During the research for his third BBC film on the subject of Rennes-le-Château, Henry Lincoln teamed up with Richard Leigh and Michael Baigent. Their combined efforts and insights led to the release of their bestseller Holy Blood and the Holy Grail. Among the works the authors studied to come to their hypotheses there was a prominent place for Les Dossiers Secrets. It was in this book that the Priory of Sion was introduced. Godefroy of Bouillon had founded an order called L’Ordre de Sion in 1090. The order occupied the Abbey of Notre Dame de Sion in Jerusalem. Only 30 years later, the Knights Templar were founded by Hugues de Payen, a nobleman from the French Champagne region who also became the first Grandmaster. According to Les Dossiers Secrets, the Ordre de Sion was transformed into the Priory of Sion in 1188, after Jerusalem had fallen to Saladin in 1187, forcing the Christian forces from the city. Lincoln, Baigent and Leigh found documentary evidence that an Order of Sion indeed existed in the 12th century.

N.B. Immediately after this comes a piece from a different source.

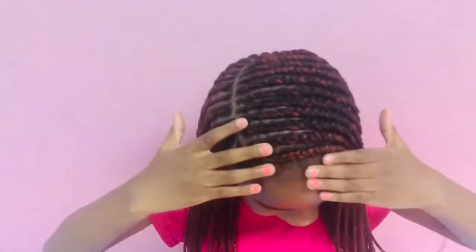My mom has finished making my hair. Do you like my hair? If you like it, give me a thumbs up! Bye!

The most remarkable thing in Les Dossiers Secrets was the list of Grandmasters of the Priory of Sion:
Jean de Gisors (1188-1220)
Ferdinand de Gonzague (1527-1575)
from facts to frenzy
Since the historical existence of an Order of Sion had been proven, the three authors decided to take the list serious and discovered that all of the Grandmasters had had a more than average interest in the occult and many of them had been active freemasons. Adding everything up, the conclusion was that Les Dossiers Secrets told a reliable account of the Priory of Sion. The authors continued their research and came in contact with the Grandmaster at the time, Pierre Plantard de St. Clair.
It has now become clear that the Priory of Sion never existed in the way it was described in Les Dossiers Secrets. Pierre Plantard, aided by the Belgian Marquis Philippe de Chérisey twisted and turned history in an attempt to continue the Merovingian bloodline after the death of Dagobert II. The documents they created to ‘prove’ Plantard’s claim as the rightful pretender to the French throne were assembled in Les Dossiers Secrets. Ironically, Lincoln, Baigent and Leigh not only accepted the story that a Merovingian royal bloodline had survived the centuries but they tried to trace it back to the House of David, claiming the Merovingian Kings were the descendants of Jesus Christ and Mary Magdalene. Were Plantard had set-up the whole affair to suggest the Priory of Sion had secretly been preserving a Merovingian Bloodline, Holy Blood and the Holy Grail claimed it had been a Holy bloodline since it originated from Jesus himself. Where Plantard had intended the Priory to make him a royal descendant, Lincoln, Baigent and Leigh made him into, a Holy man. They had taken his story and ran off with it in an unexpected direction, complicating the plot considerably and resulting in massive sales of their book.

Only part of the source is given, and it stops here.